Here are a few ideas we’ve previously explored that could let you celebrate a virtual Thanksgiving in high-tech style:
- Mount video call-enabled iPads like picture frames on your walls and let remote guests mingle at a party.
- Use high-speed internet connections to stage long-distance singalongs around the family piano.
- Gather over a group video chat and take a roast turkey cooking lesson together.
- Use a virtual whiteboard app to play games with distant friends, family, or colleagues.
- Project interactive children’s entertainment right into the living room with holographic video calling.
Thanksgiving, though, is usually a little more intimate, more sedate than most of those energetic video-calling applications. What it really needs is a way to create a shared space where people can relax together.
A Shared Thanksgiving Space
If you come from a family of huggers, there’s a type of video calling that will grant you a physical presence at Thanksgiving even if you’re hundreds of miles away. Its called telepresence, and, essentially, it’s like strapping your webcam to a robot and having it wander around a party in your stead. The best units will cost you around $4,000, and they look a bit like an iPad attached to a scooter, but with a simple remote control, the unit can freely move around a party. If you ever had an uncle walk around a family get-together with a camcorder permanently attached to his face, interviewing anyone he could corner, well, that’d be you…you could even drape a dorky sweater over it.

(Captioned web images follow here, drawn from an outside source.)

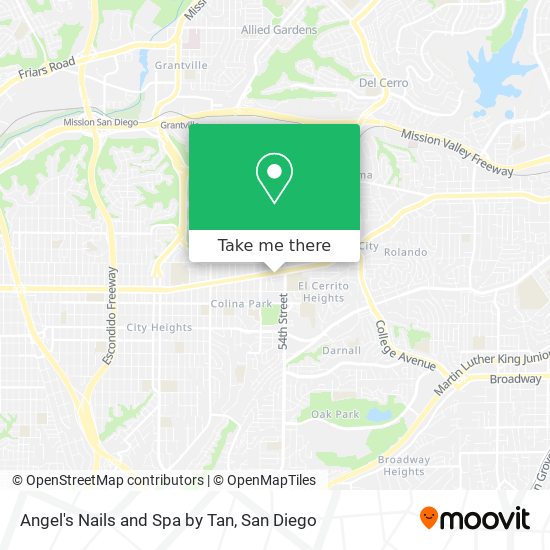 Angel's Nails and Spa by Tan map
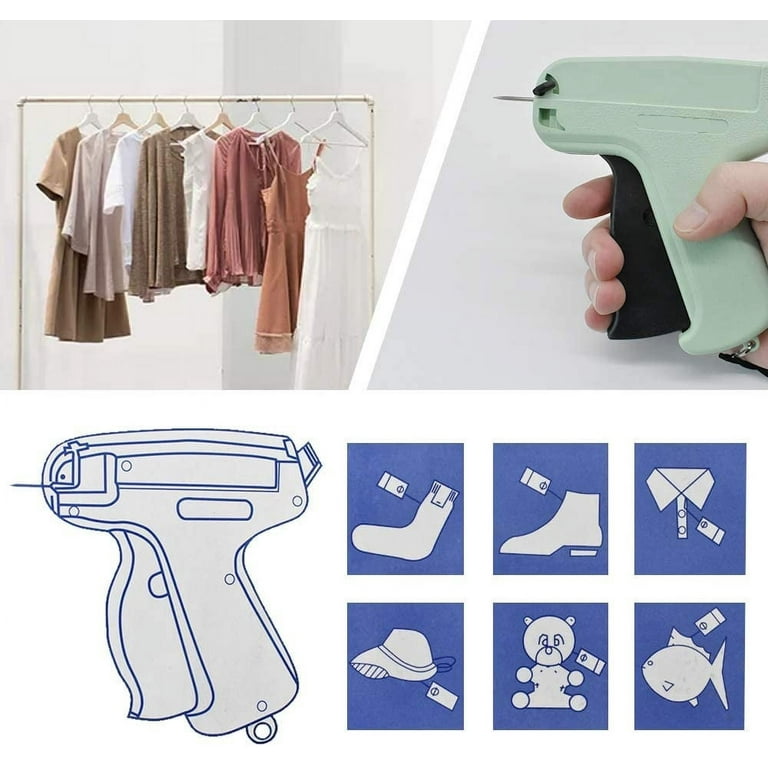 Tagging Gun for Clothing, Standard Retail Price Tag Attacher Gun Kit for  Clothes Labeler with 6 Needles & 1000pcs 2 Barbs Fasteners & Organizer Bag
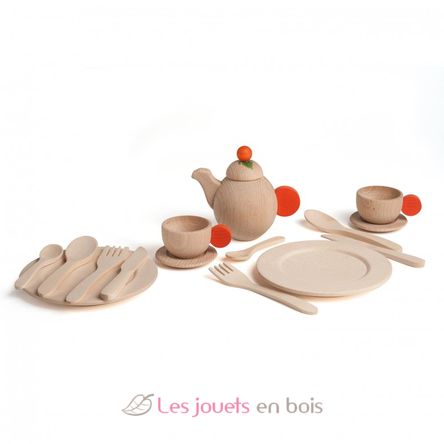 Set de vaisselle naturel 16 pcs ER10678 Erzi 1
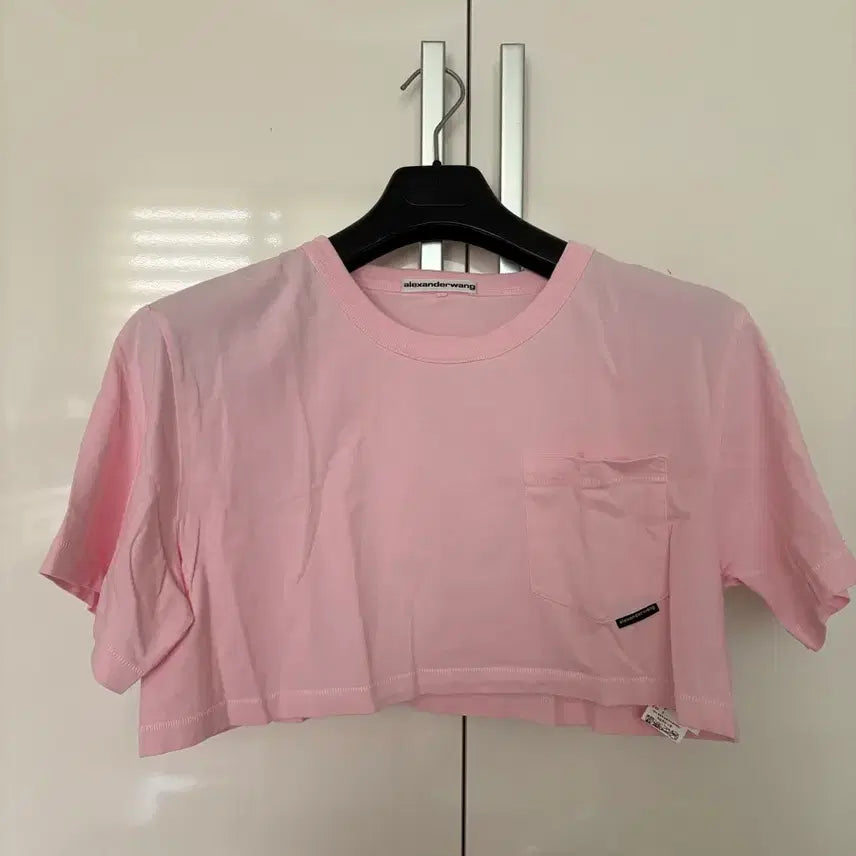 [BUNJANG] Alexander Wang Pink Short Sleeve T-Shirt / 알렉산더왕 핑크 반팔 티셔츠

Alternatively, you could create the reverse situation and meet your friends and family in a wholly digital place, where people scattered around the country inhabit a computer-generated living room. Apps like AltSpace VR and newcomer Rumii specialize in creating fully customizable virtual reality platforms where groups of people can mingle in real-time using video calling. You could potentially recreate the family home online, or all gather around a virtual dinner table, each guest with a plate of the same real-world dish in front of them, and talk and toast through the night.
If you took up our earlier suggestion of shared online turkey roasting, and stuffed yourself around a virtual dinner table, you’ll probably be looking for a digital couch somewhere to chat quietly while pretending to watch football or holiday movies.

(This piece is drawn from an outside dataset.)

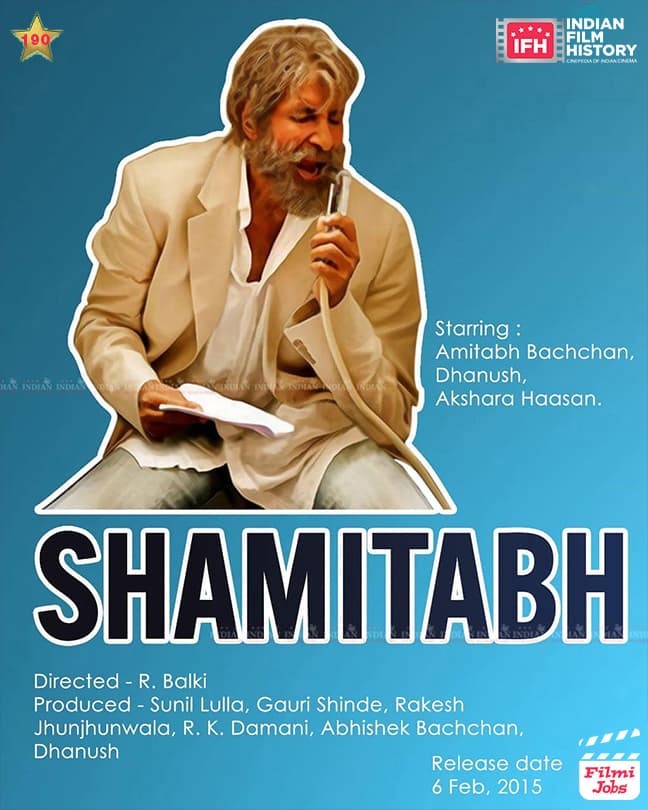 Shamitabh 2015, Amitabh Bachchan, Dhanush, Akshara Haasan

Video conferencing can provide that too.
A Virtual Thanksgiving Dinner After-Party
There are several video conferencing apps that have begun embracing the digital nature of video calling. These innovators turn the internet from the foundation of a video call into the reason for calling. Free apps like Airtime, Rabbit, and ooVoo allow groups of people to simultaneously watch streaming media, like Youtube or Netflix, and see and hear each other the entire time. When it works, it’s like watching TV together on the same couch.

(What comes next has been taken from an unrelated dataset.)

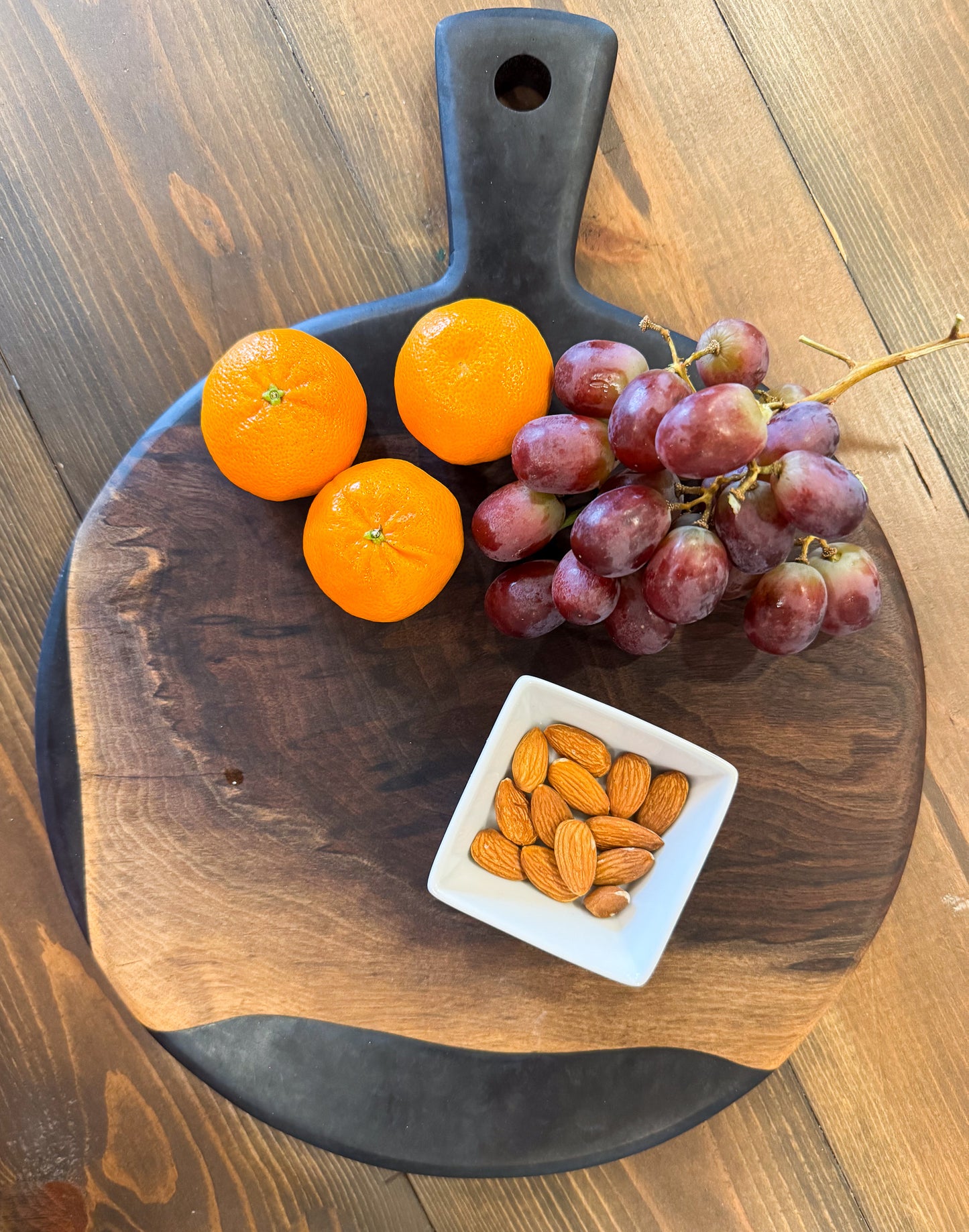 Black Walnut & Epoxy Charcuterie Board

It would be a great way to enjoy the interactive version of A Charlie Brown Thanksgiving, or the Macy’s Thanksgiving Day Parade, or your own family’s favorite holiday movie. The NFL has been experimenting with social media broadcasts of its games recently, so maybe you’ll be able to enjoy traditional Thanksgiving football over a video call in the near future, as well.
All these evolving forms of video conferencing mean you can recreate your remote Thanksgiving in any tradition or form that fits your family, even if your family, like mine, is a little nutty and spread across the country from Albuquerque to Queens. You might not be there to carve the turkey in person, but you don’t have to feel you’re a world away from your loved ones.